TASK TO COMPLETE: Starting from the line containing "Vance Maxi Skirt - Choc Vanilla", give again every line through the end of the entries, word for word. Pictures stay out of the copy.

DATA UNDER STUDY:
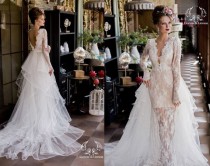 wedding photo - Wedding Dress, Long Sleeve Wedding Dress, Lace Wedding Dress, Unique Wedding Dress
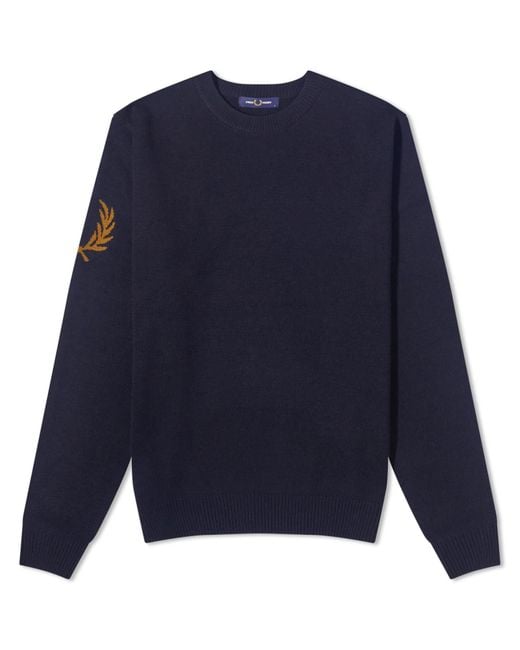 Fred Perry Blue Intarsia Laurel Wreath Crew Neck Knit for men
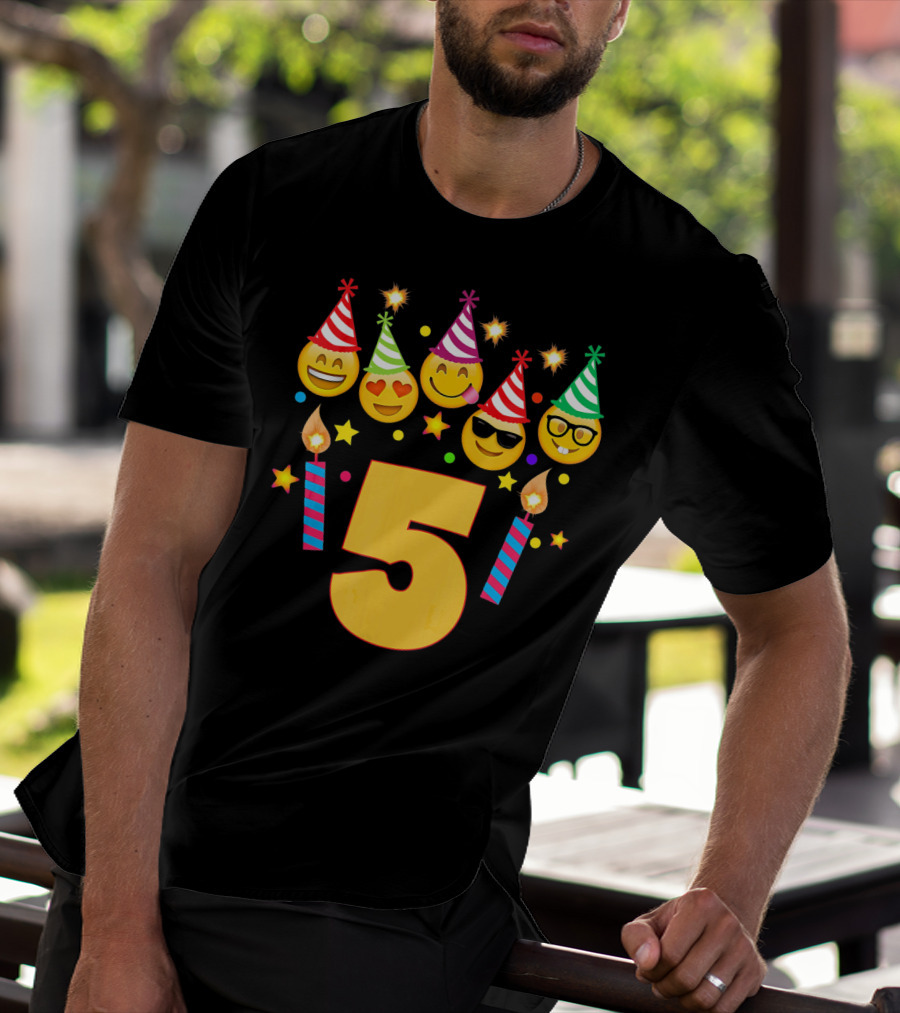 Five Year Old Birthday With Party Emoji Faces And Candles T-Shirt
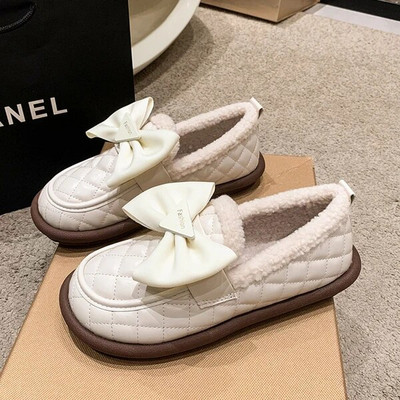 Moteriški Batai Rudens Modis Laisvalaikiai Moteriški sportbačiai Loafers Kailiniai Prisegamas lankas-Mazgas Apvalus pirštas Ruduo 2022 m. Užsegamas žiemos drugelis Mokas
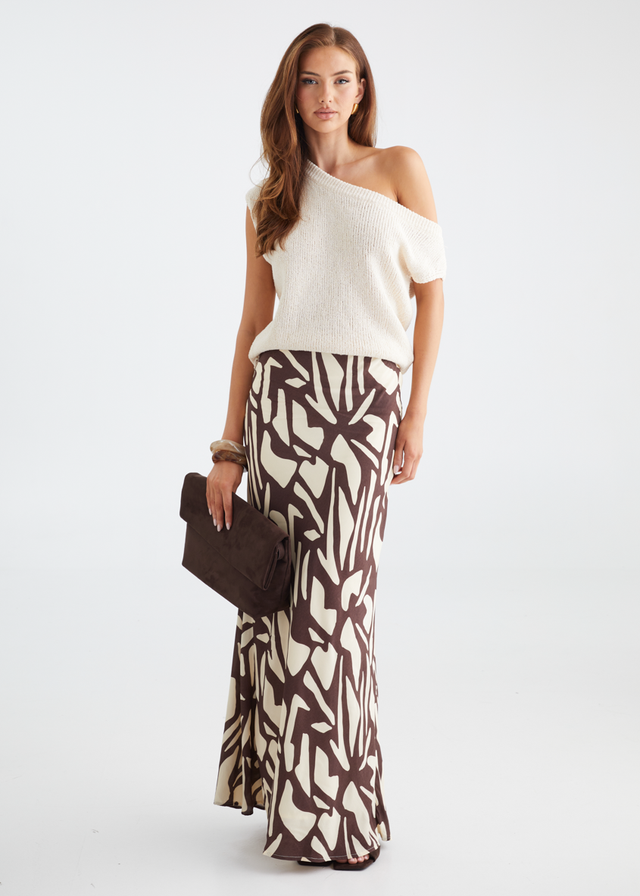 Vance Maxi Skirt - Choc Vanilla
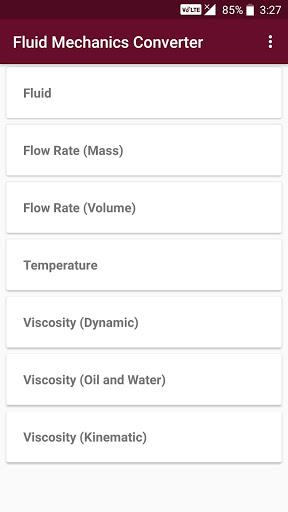 Fluid Mechanics Converter - عکس برنامه موبایلی اندروید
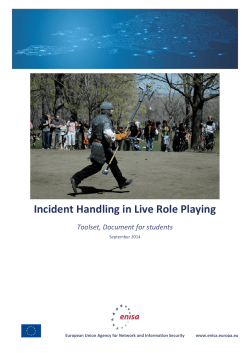 Incident Handling in Live Role Playing - Enisa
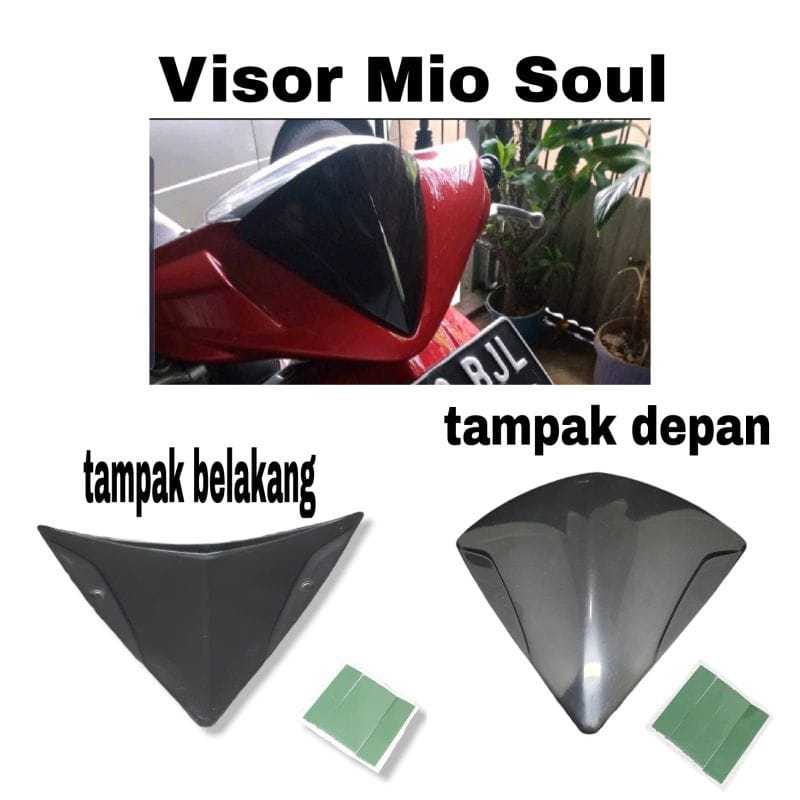Visor mio Soul Visor รถจักรยานยนต์ mio Soul Visor mio Soul เก่าสีดําธรรมดากระจกคาร์บอนรถจักรยานยนต์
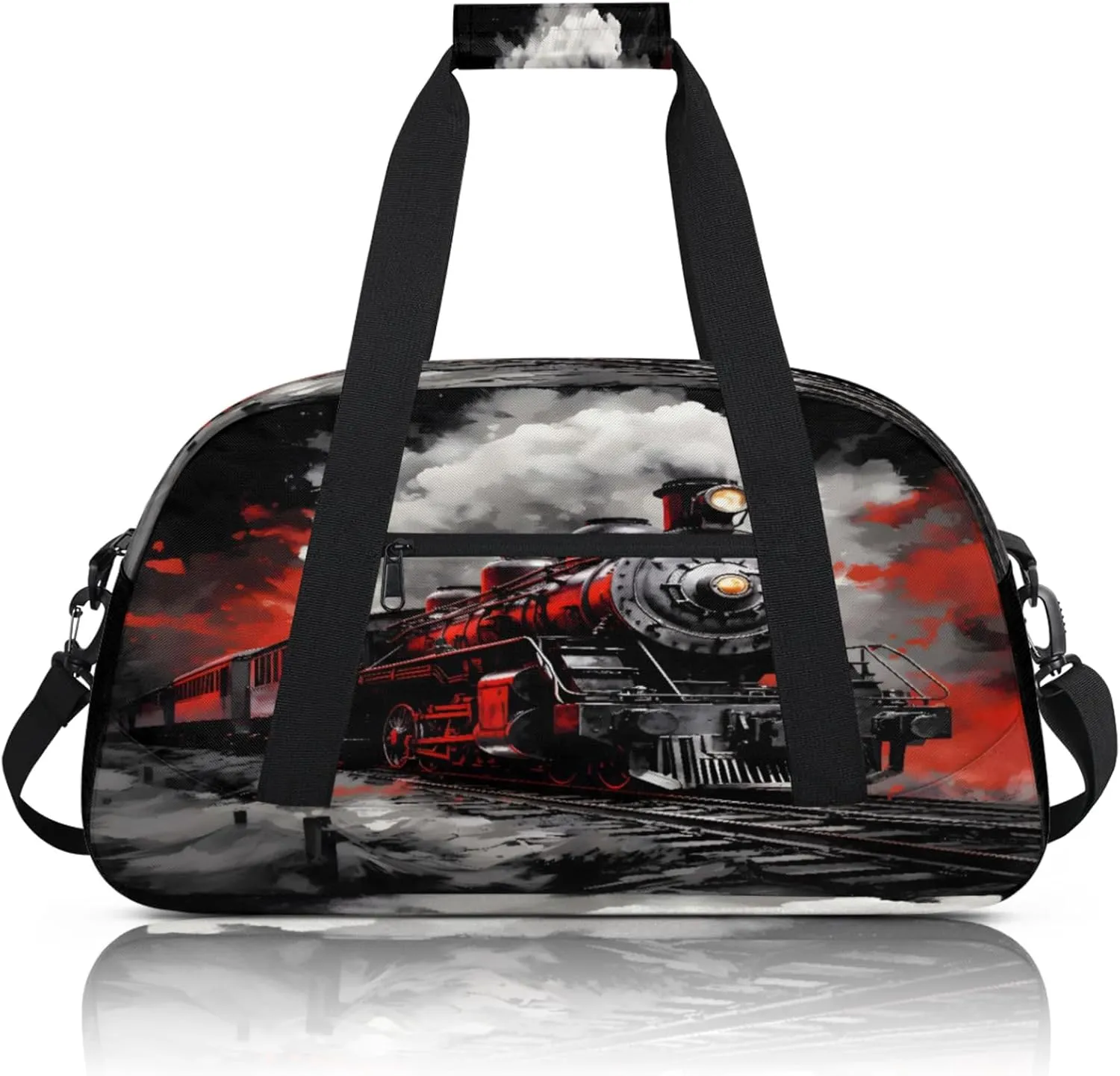 Steam Engine Small Gym Bag 18 inch Carry On Duffel Bag for Weekender Travel Sports Workout Yoga Gymnastics Dance Ballet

SOLUTION FOR THIS TASK:
 Vance Maxi Skirt - Choc Vanilla
 Fluid Mechanics Converter - عکس برنامه موبایلی اندروید
 Incident Handling in Live Role Playing - Enisa
Visor mio Soul Visor รถจักรยานยนต์ mio Soul Visor mio Soul เก่าสีดําธรรมดากระจกคาร์บอนรถจักรยานยนต์
 Steam Engine Small Gym Bag 18 inch Carry On Duffel Bag for Weekender Travel Sports Workout Yoga Gymnastics Dance Ballet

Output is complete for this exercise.